Plus de quatre ans après l’explosion, les attentes des Libanais restent immenses, dans un pays où la justice est souvent perçue comme influencée par les pouvoirs politiques.
Moqled dans une liste élargie
Mohammed Hassan Moqled n’est pas le seul haut gradé entendu par Tarek Bitar. D’autres responsables militaires, sécuritaires et administratifs ont été interrogés dans cette enquête, qui vise à démêler les responsabilités à différents niveaux de la chaîne de commandement. La Sûreté générale, où Moqled a exercé, fait partie des institutions sous examen pour son rôle dans la surveillance des stocks de nitrate d’ammonium au port.
L’audition d’hier s’ajoute ainsi à un effort plus large pour reconstituer les faits et identifier les failles ayant permis une telle catastrophe.
Une procédure encadrée avec soin
L’interrogatoire de vendredi s’est déroulé dans un cadre strictement réglementé. La présence de l’avocat de Moqled et des représentants des parties civiles a assuré un équilibre entre les droits de la défense et la recherche de la vérité.
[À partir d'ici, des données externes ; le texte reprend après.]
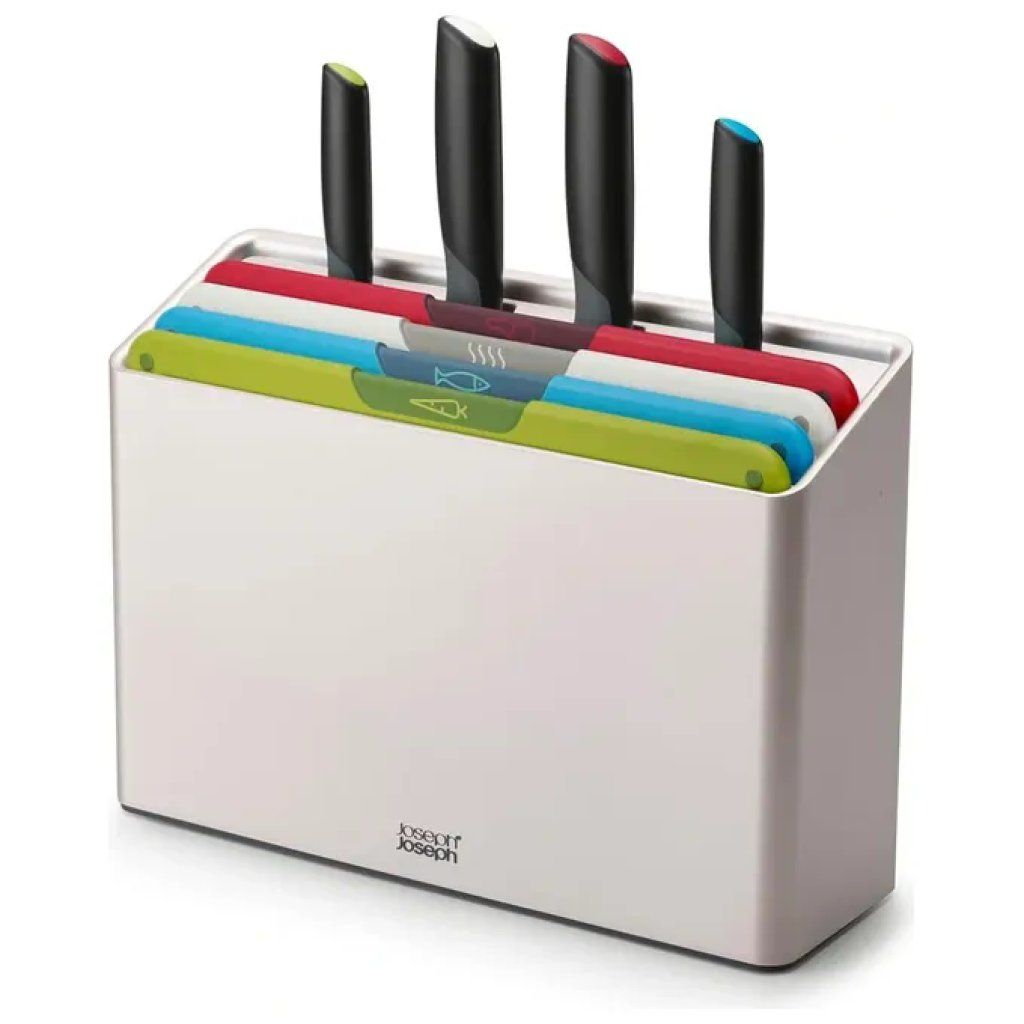 Joseph Joseph Folio Icon Plus – Set 8 Pezzi con 4 Taglieri e 4 Coltelli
La décision de Bitar de rejeter les défenses de forme et de programmer une nouvelle audience témoigne d’une approche méthodique, malgré les pressions exercées par certains cercles pour ralentir ou détourner l’enquête.
Ce développement, soutenu par la coopération du nouveau procureur général, est suivi de près dans un Liban où la confiance dans le système judiciaire reste fragile.